We arrived at the estate allowing enough time to enjoy the setting, a wine tasting and to drink in the view. Tokara commands the best views of the valley, and with award-winning wines, Carolize has been given a great stage on which to perform. “Here we serve fresh, local produce, and every recipe and ingredient means something. New ideas come from the garden, old memories come to the fore. I remember my gran making biscuits and vetkoek whilst we were stealing raw dough and her hitting us on our hands,” Carolize reminisces.

Her first-choice ingredient is fish, which she sources from ABALOBI. “You can play it up, play it down, it is simple and versatile.” The Mauritian sea bass, farmed, is flown in daily.
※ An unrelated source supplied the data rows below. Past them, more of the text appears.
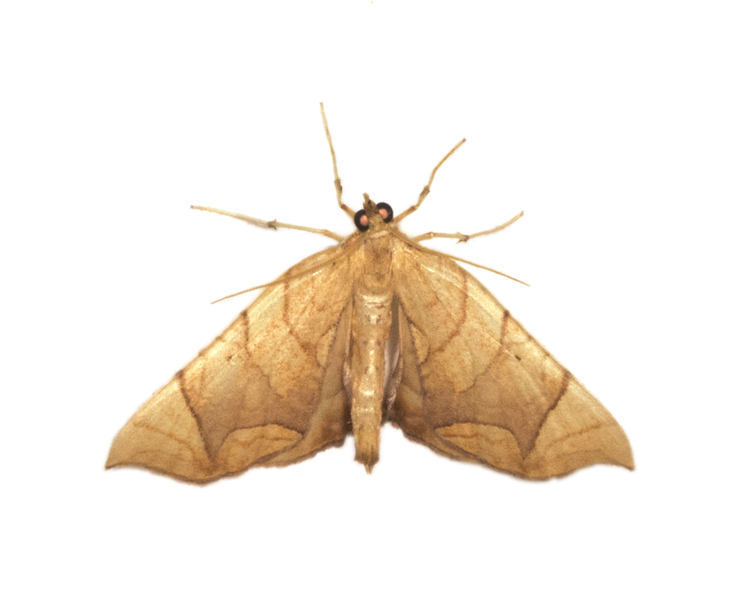 Eulithis8223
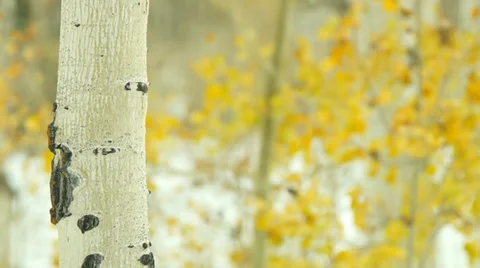 Colorado Winter Stock Footage 32009830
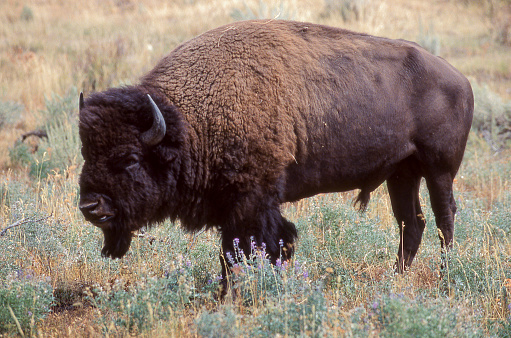 An American Bison grazes in the tall grassland of the Wichita Mountains in Oklahoma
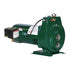 A.Y. McDonald 8600 Convertible Jet Pump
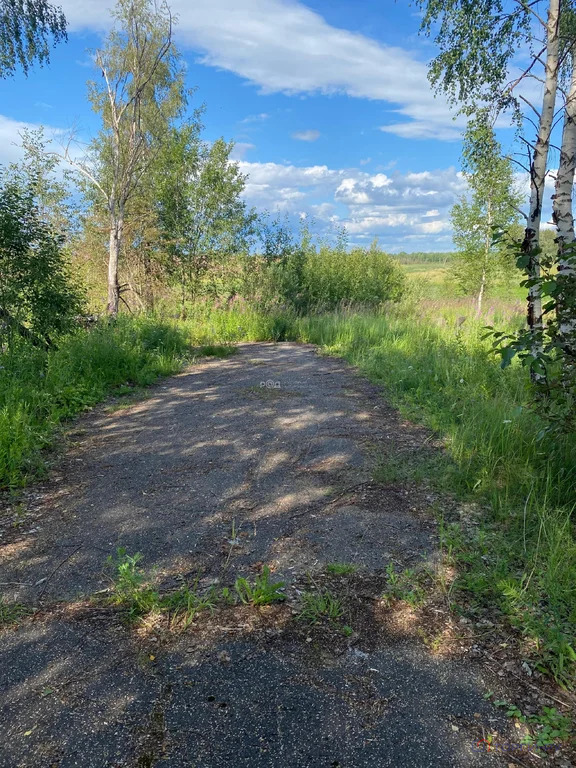 Продажа участка, Михайловское, Волоколамский район - Фото 3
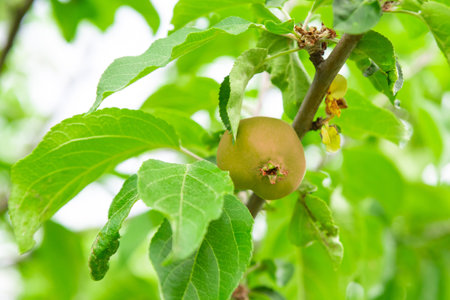 a slightly red ripening apple hangs on a tree branchの写真素材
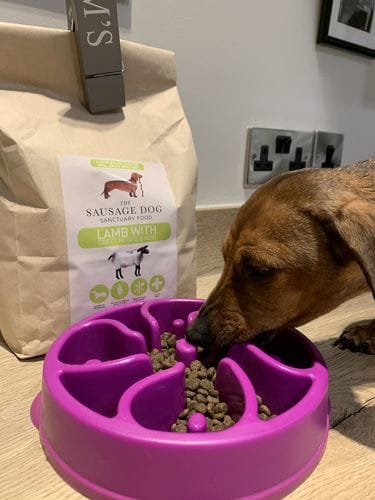 Customer photo review of Grain-Free Lamb with Sweet Potato & Mint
It was the sea bass which she prepared with to perfection, served with fennel and pancetta (accompanied by Tokara’s Director’s White Reserve). My man had the lamb with ratatouille-style veg and smoked tomato paste, generous in portion and flavour, perfectly paired with Tokara’s Syrah.

Our starters too were generous, the beetroot and pea mousse for me, the parsnip with bacon dust and brioche for my man. Our desserts deserved applause and again, substantial yet delicately served. Gooseberry clafoutis with gingerbread crumb and basil ice cream was as delicious and rich as the chocolate fondant with coconut ice cream and passion fruit.

As I complimented Carolize on an impressive lunch I asked how she defines her cooking style. “You take a little piece of everyone, all the chefs you have worked with, to shape yourself. Some inspire, some show you what you don’t want to be, but everyone has shaped me.”